Published : Thursday, 14 March, 2019 at 12:00 AM  Count : 523
Banani Mallick

Dhaka ranked fourth among the most polluted cities in the world, according to the US Air Quality Index (AQI) on Wednesday.
The world's worst air quality was detected in Chiang Mai and Bangladesh's capital Dhaka. Dhaka scored 191 in the US Air Quality Index (AQI).

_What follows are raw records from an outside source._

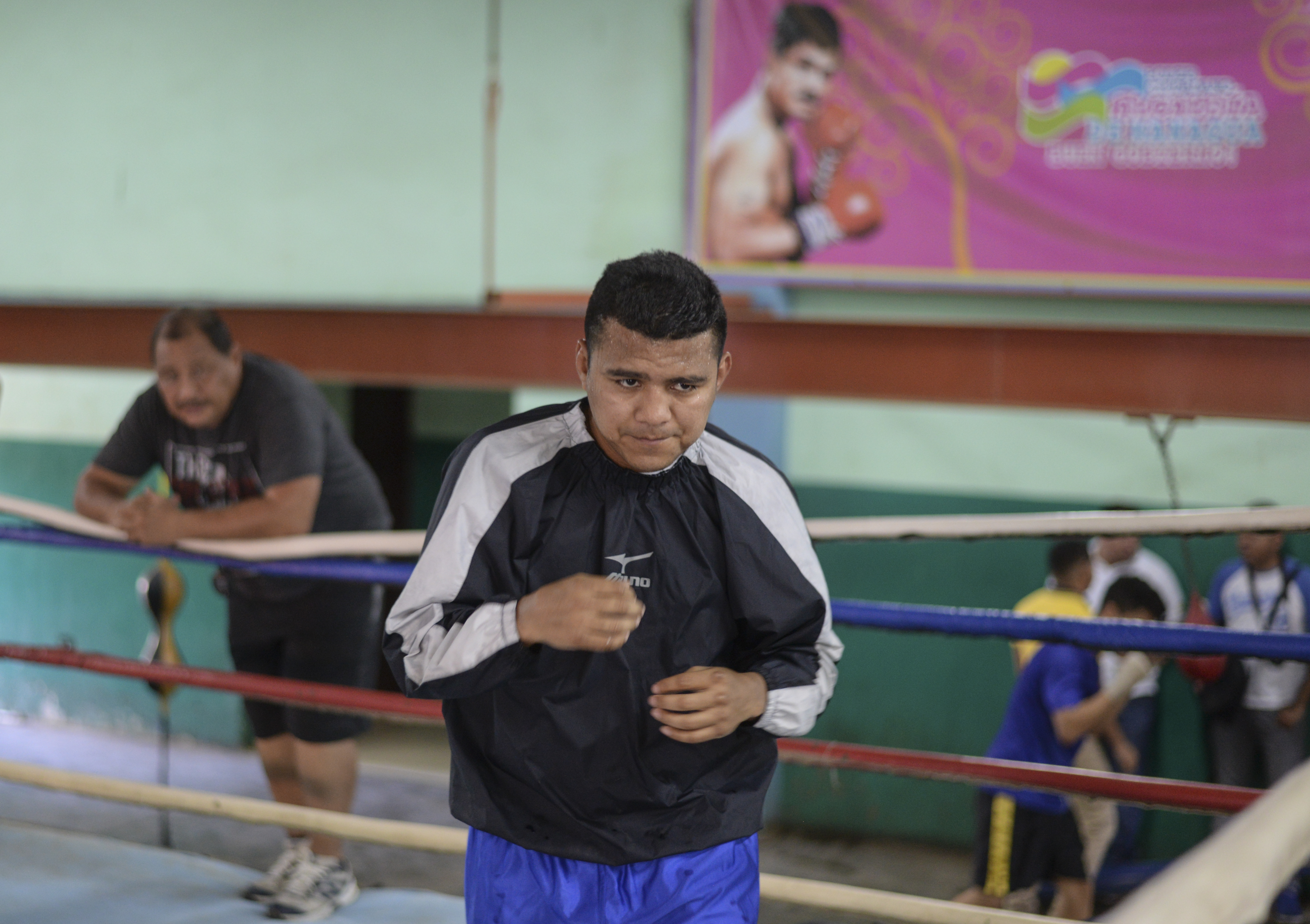Román González recapacita y tiene como objetivo a Khalid Yafai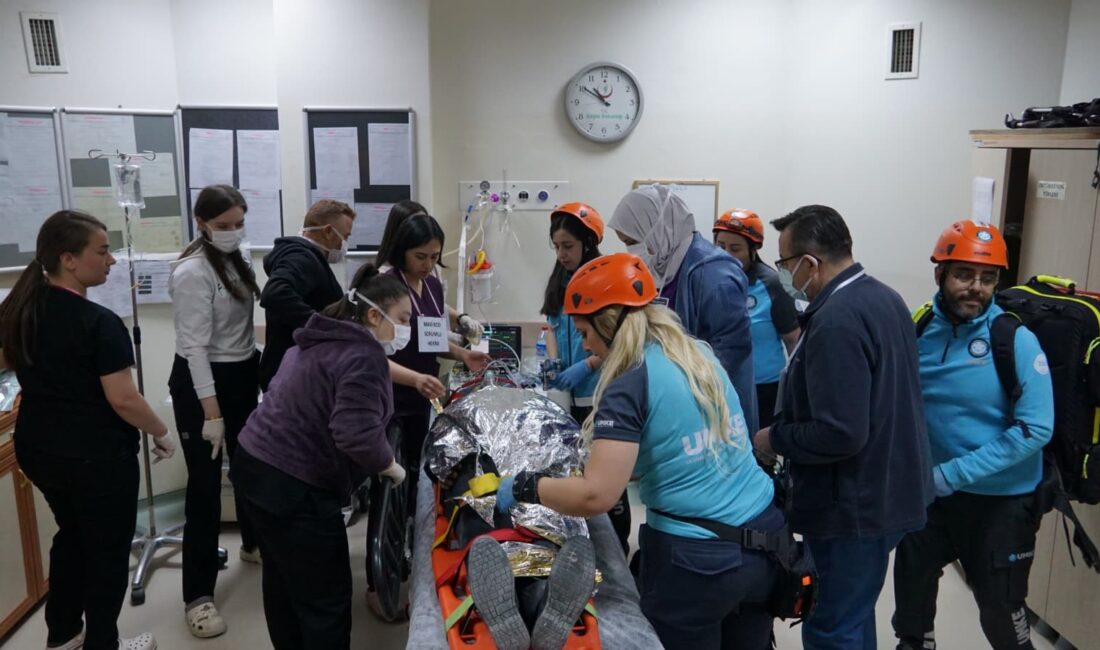 Afyonkarahisar’ın Şuhut ilçesinde düzenlenen hastane afet tatbikatı, ilginç görüntülere sahne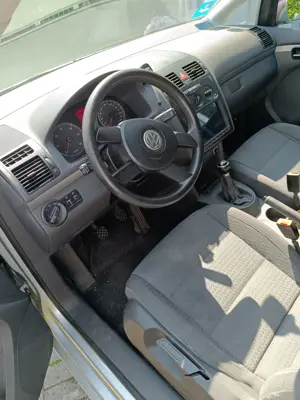 VW Touran 2.0 TDI Bild 4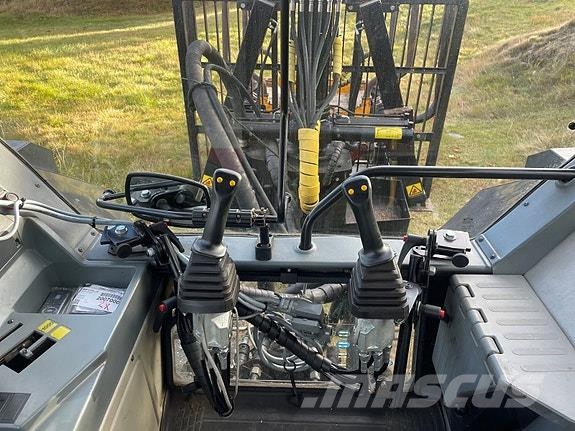 Valtra 6400 TURBO m/Moheda tømmerhenger Traktorer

The air was classified as unhealthy.
The world's worst air quality was detected in Chiang Mai, Thailand with a score of 246.
Dhaka continuously ranks among the world's most polluted cities and in this situation on Wednesday the High Court directed the director general of Department of Environment (DoE) to submit a report on what step the organization have taken to prevent air pollution in Dhaka.
Earlier talking to the Daily Observer, the DoE official said it conducted mobile courts against the persons responsible for air pollution.
But the court said the DoE's action is not adequate as the air pollution was not reduced in Dhaka city.
The city corporation authorities have been asked to submit further reports after complying with its January 28 order.
Brick kilns, vehicles run on fuel with high levels of sulphur and construction work have been identified as major sources of air pollution.
The air quality declines during the dry months, from October to April, but improves in the monsoon.
The situation is very serious, experts say, pointing out that five of the top 10 causes of death in Bangladesh are related to air pollution.
However, a new study published in the European
Heart Journal on Monday, focused on Europe suggested that air pollution causes 790,000 premature deaths every year in Europe and 8.8 million worldwide, doubling recent assessments.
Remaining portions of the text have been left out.